The cost of analytic insight also increases with the complexity of your tools. If your analysts need to write complex code to analyze your data, you will need higher-skilled, more costly analysts in order to extract insights from the data, and it will take them more time to do so, driving up the TTI.
Companies have approached this problem in different ways. Many have taken the route of simply storing all of their data into a massive Hadoop cluster, or data lake. However, even though it does solve the problem of data being in multiple disparate systems, the data-lake approach does not (necessarily) solve the problem of data being in multiple formats.
Another approach is to use a central analytic platform that ingests an organization’s data via an extract, transform, and load (ETL) process. This approach is also costly in that it requires you to send your data over a network, thereby increasing network usage; store copies of the same data in multiple systems; and transform the data from its original format into a standardized format, which might or might not be suitable for it. Additionally, it creates complexity when the original source systems want to change their schemas. More serious, however, is that this approach requires extensive involvement from an IT department to set up and configure.
Regardless of which approach you take, you can see that deriving value from these disparate datasets is time-consuming, costly, and difficult. This is where Drill can have a major impact.
Drill is an extremely versatile, powerful, extensible, and easy-to-use tool that can help you analyze your data more effectively, drive down your time to insight, and get more value from your data.
What Is Apache Drill?
At its core, Apache Drill is a SQL engine for big data. In practical terms, what this means is that Drill acts as an intermediary that allows you to query self-describing data using standard ANSI SQL. To use a comparison from the science fiction series Star Trek, Drill acts as a universal translator1 for your data and enables you to use SQL to interact with your data as if it were a table in a database, whether it is or not. Bringing this down to earth, Drill enables an analyst, armed only with a knowledge of SQL or a business intelligence (BI) tool such as Tableau, to analyze and query their data without having to transform the data or move it to a centralized data store.
Drill Is Versatile
One of Drill’s major strong points is its versatility.
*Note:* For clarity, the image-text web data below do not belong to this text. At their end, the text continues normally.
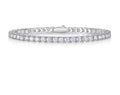 Unique Moissanite Tennis Bracelet in Sterling Silver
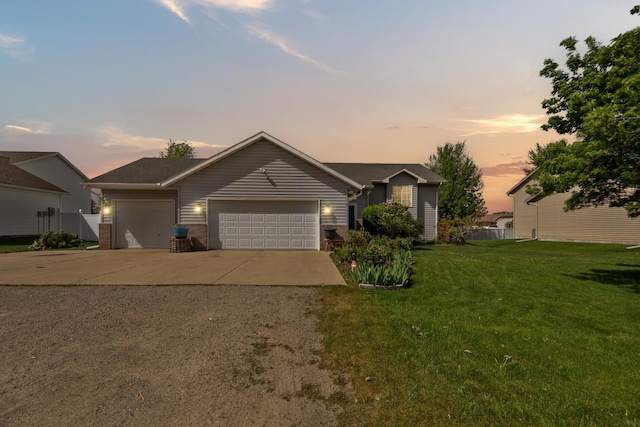 1320 18th St SE, Owatonna, MN 55060 - ranch-style house with driveway and a garage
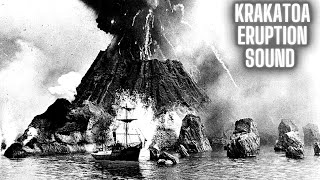 Krakatoa Eruption Sound Recorded 1883 🌋 [upl. by Hsirahc]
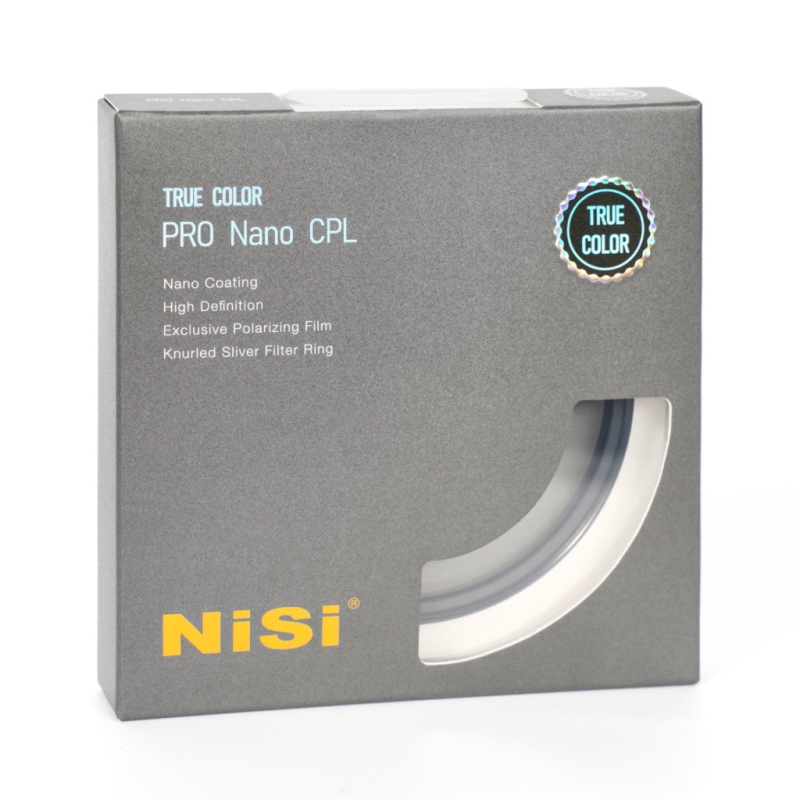 Filter NiSi 82mm True Color Pro Nano CPL/Kính lọc CPL cắt được phản sáng cho máy ảnh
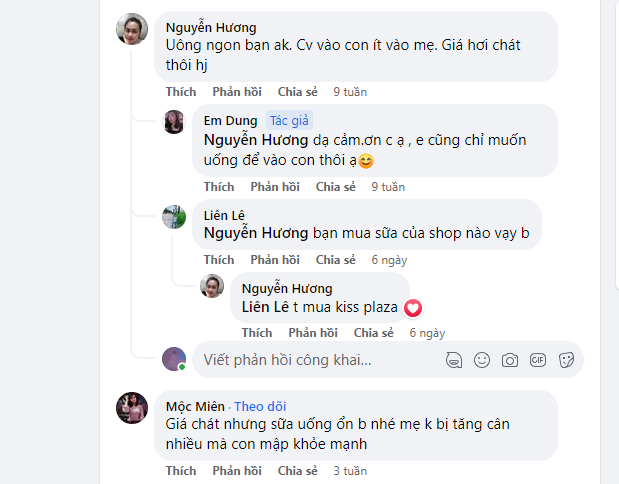 Một số đánh giá, review sữa bầu Matilia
Out of the box, Drill can query a wide variety of file formats, including:
-
CSV, TSV, PSV, or any delimited data
-
JSON
-
Parquet
-
Avro2
-
Hadoop Sequence files
-
Apache and Nginx web server logs
-
Log files
-
PCAP/PCAP-NG
Chapters 4 and 5 explain how to query these file formats.
In addition to being able to query a wide variety of file formats, Drill can query data in external systems including:
-
HBase
-
Hive
-
Kafka for streaming data
-
MapR-DB
-
MongoDB
-
Open Time Series Database
-
Nearly any relational database with a JDBC driver
Finally, Drill supports files stored in a variety of distributed filesystems such as:
-
Hadoop Distributed File System (HDFS)
-
MapR-FS
-
Amazon Simple Storage Service (S3)
Chapter 6 explains in detail how to connect Drill to these source systems and query them.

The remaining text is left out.